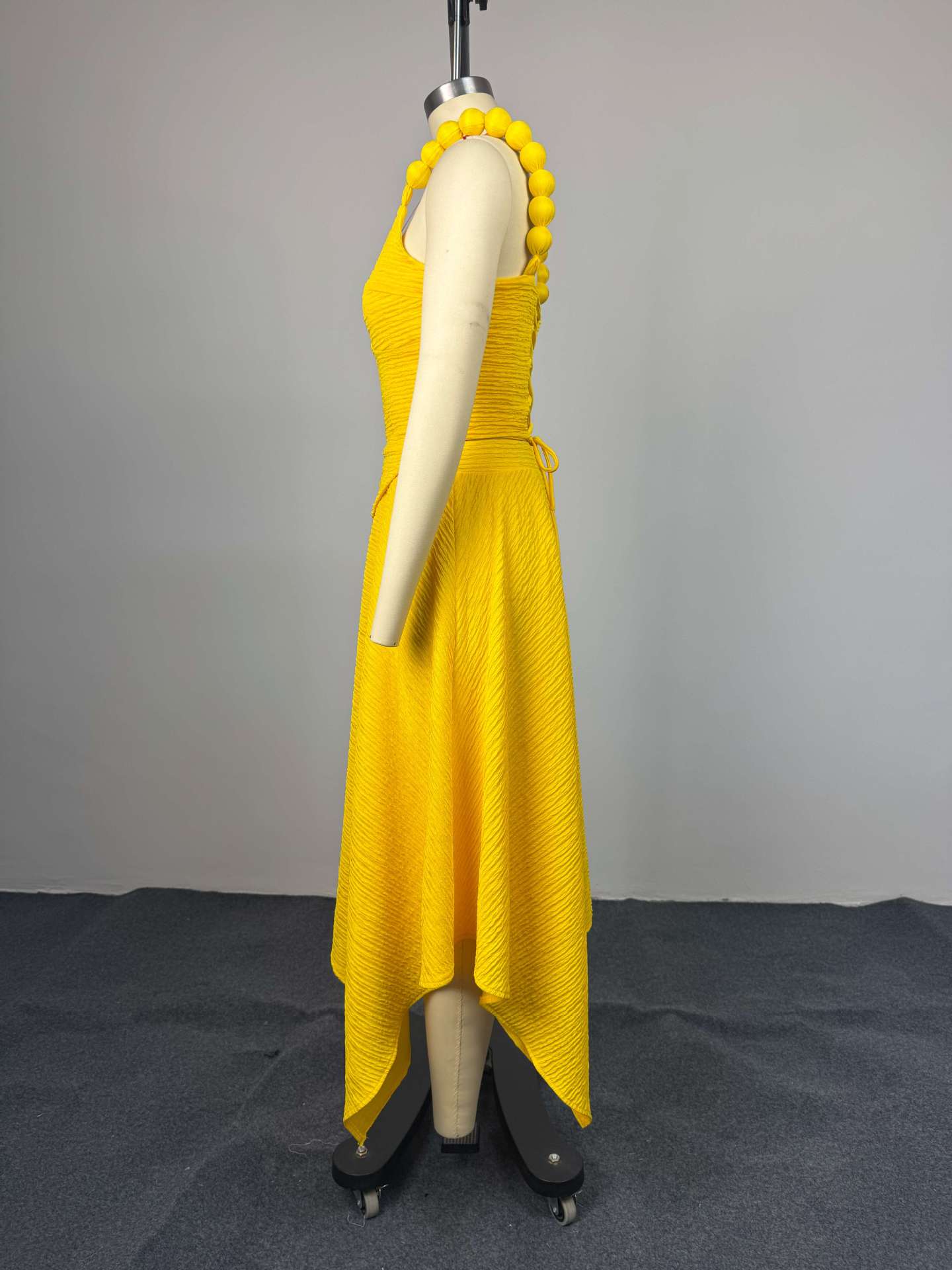 GLCMYAYA Street Fashion Women's Set Strap Lace Up Back Crop Top and Irregular Long Skirt Suit Vacation Two 2 Piece Set Outfits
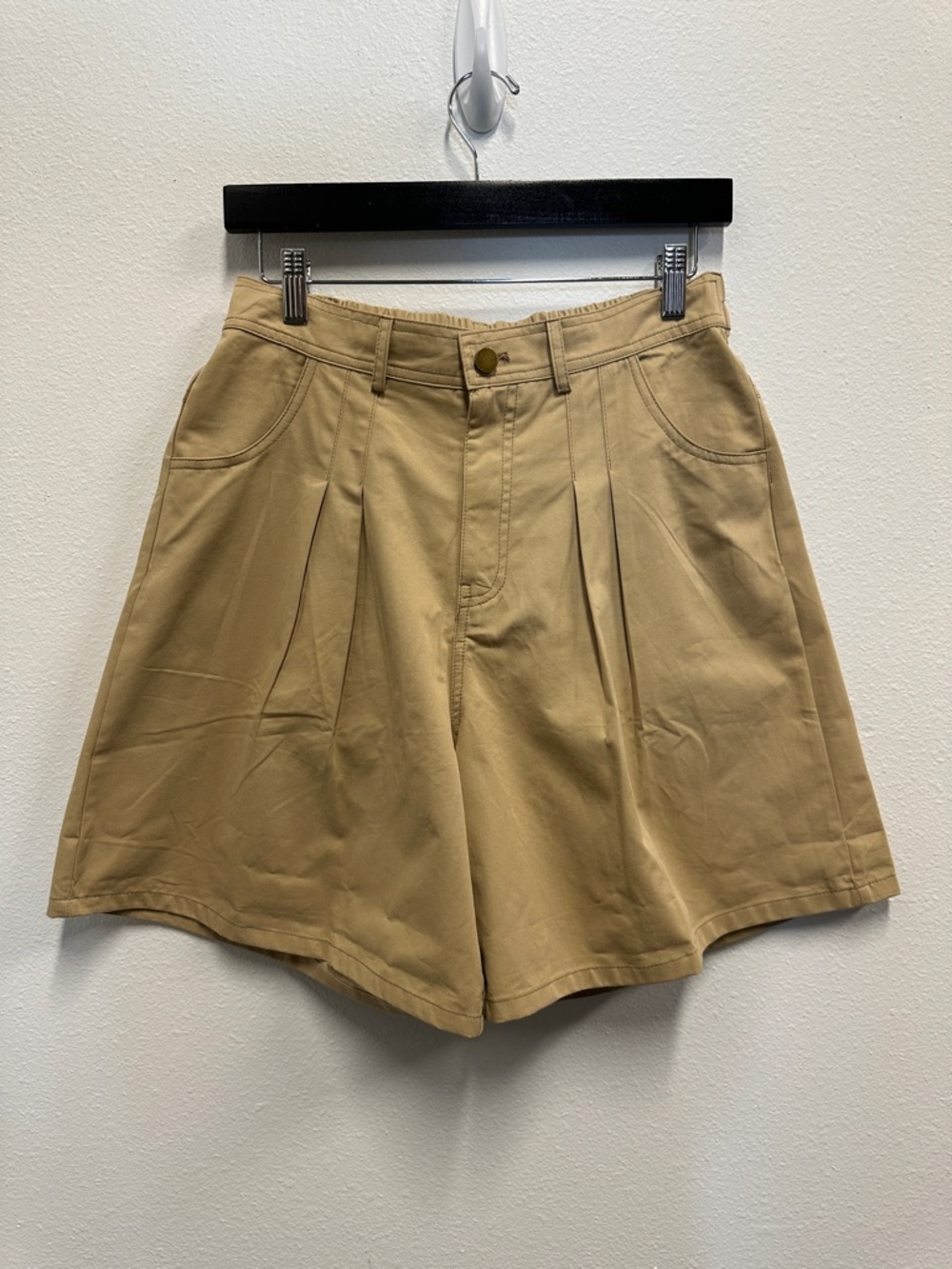 Listicle High-Waist Pleated Tan Shorts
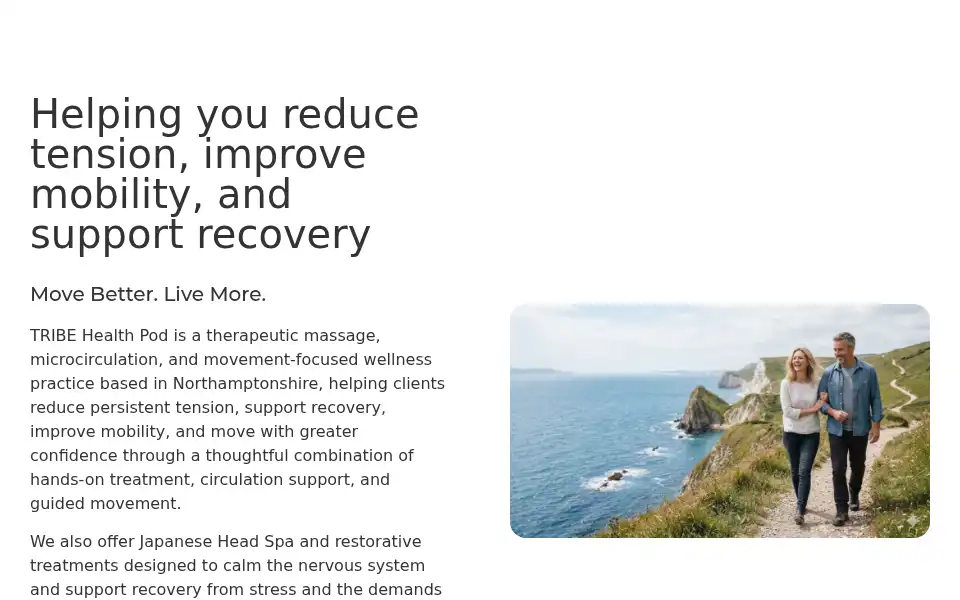 Screenshot of tribehealthpod.com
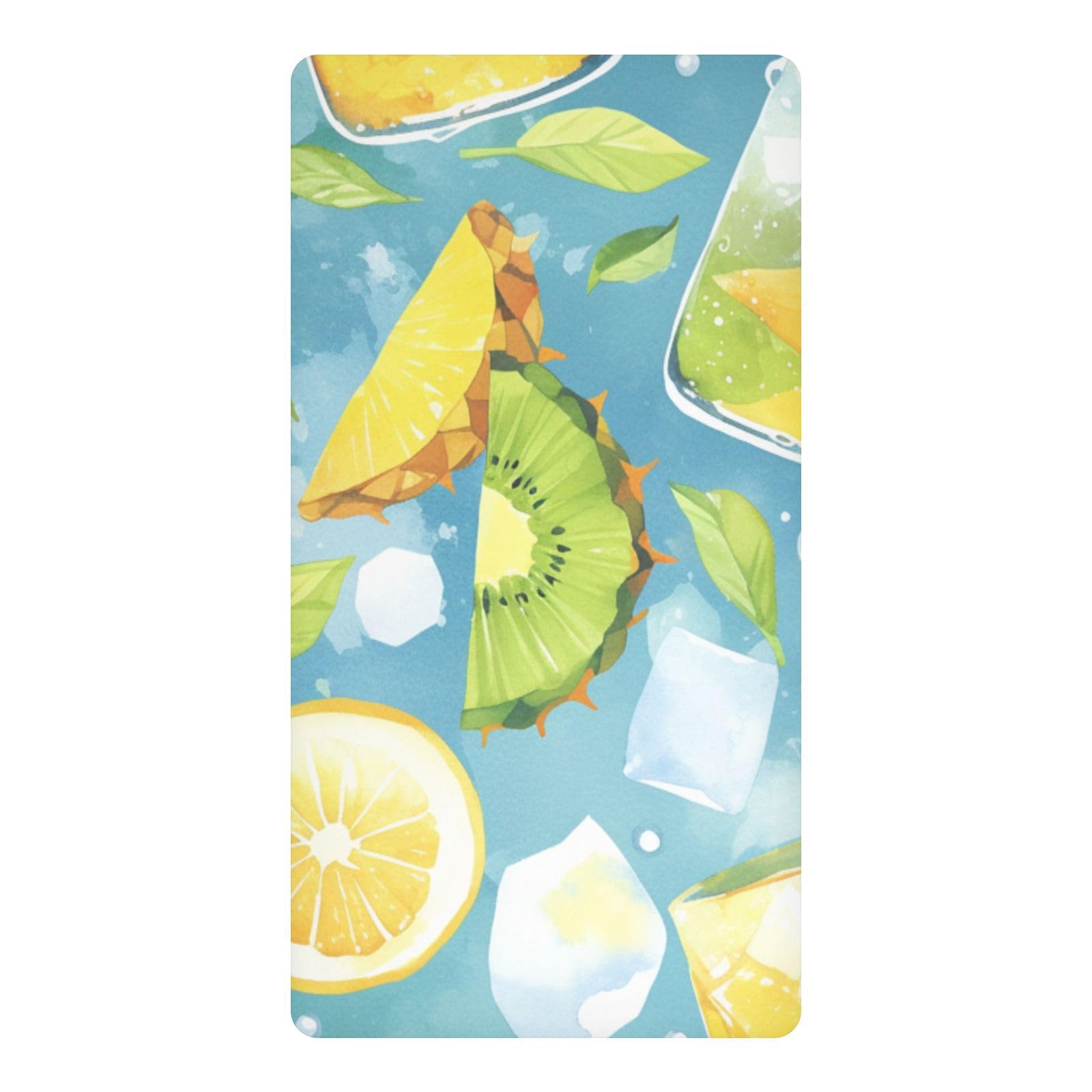 Draps de lit imperméables pour bébé 132x71cm anti-fuites au motif lemon kiwi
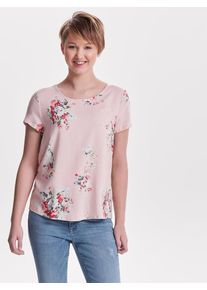 Only, Damen Print-Oberteil mit kurzen &Auml;rmeln, Rosa / Rot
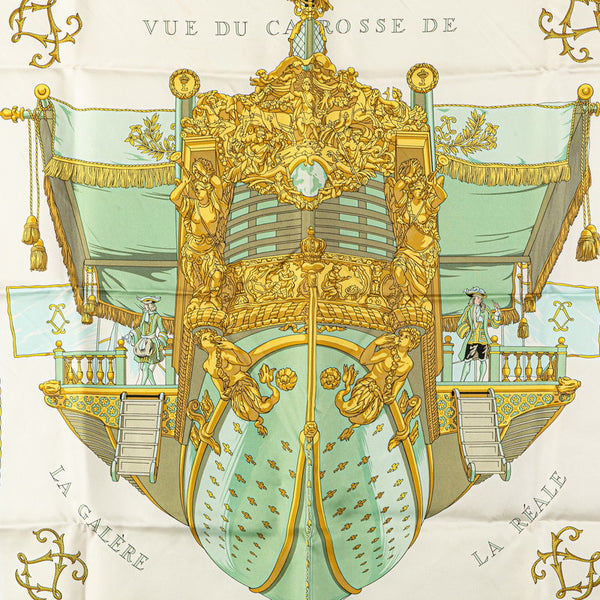 エルメス カレ90 VUE DU CAROSSE DE LA GALERE LA REALE クイーンの戴冠式 スカーフ ホワイト グリーン マルチカラー シルク レディース HERMES 【中古】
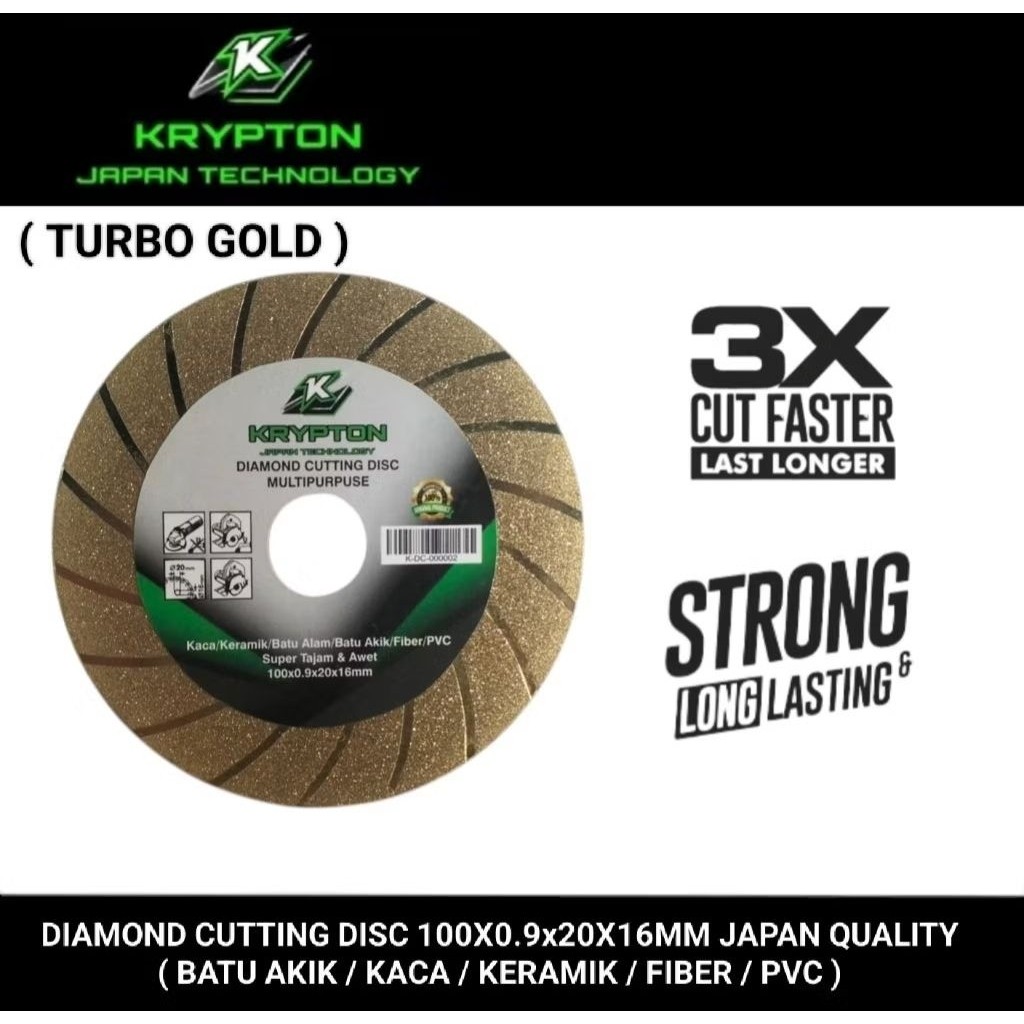 KRYPTON Diamond cutting wheel 4"x10.9mm Type Turbo gold ( khusu buat potong batu akik / batu alam / 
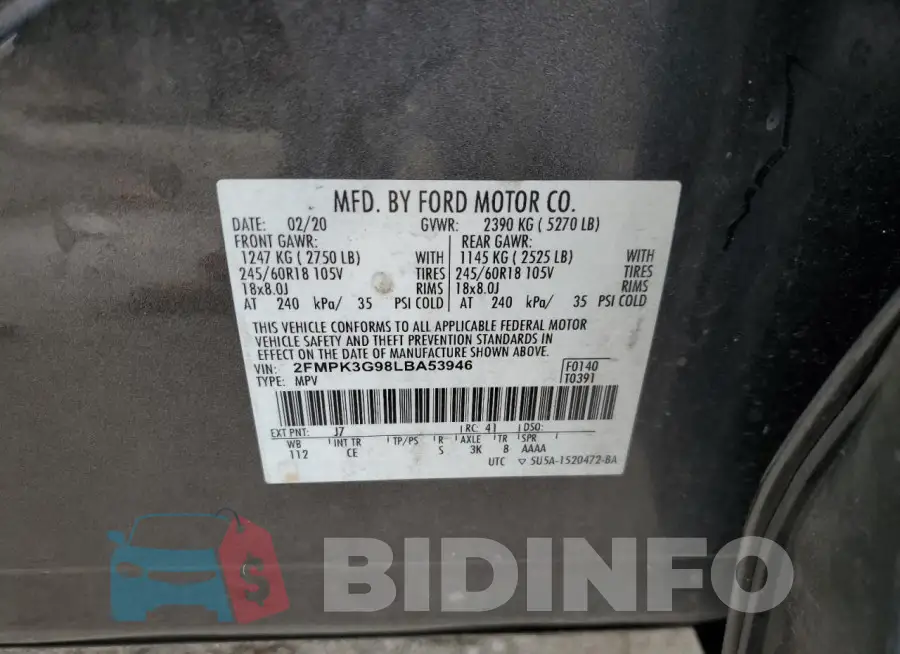 2FMPK3G98LBA53946 Photo# 13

+-------+

**Goal of the exercise**:
Restate the full listing verbatim and drop every picture.

**Response for this exercise**:
 GLCMYAYA Street Fashion Women's Set Strap Lace Up Back Crop Top and Irregular Long Skirt Suit Vacation Two 2 Piece Set Outfits
 Listicle High-Waist Pleated Tan Shorts
 Screenshot of tribehealthpod.com
 Draps de lit imperméables pour bébé 132x71cm anti-fuites au motif lemon kiwi
 Only, Damen Print-Oberteil mit kurzen &Auml;rmeln, Rosa / Rot
 エルメス カレ90 VUE DU CAROSSE DE LA GALERE LA REALE クイーンの戴冠式 スカーフ ホワイト グリーン マルチカラー シルク レディース HERMES 【中古】
 KRYPTON Diamond cutting wheel 4"x10.9mm Type Turbo gold ( khusu buat potong batu akik / batu alam / 
 2FMPK3G98LBA53946 Photo# 13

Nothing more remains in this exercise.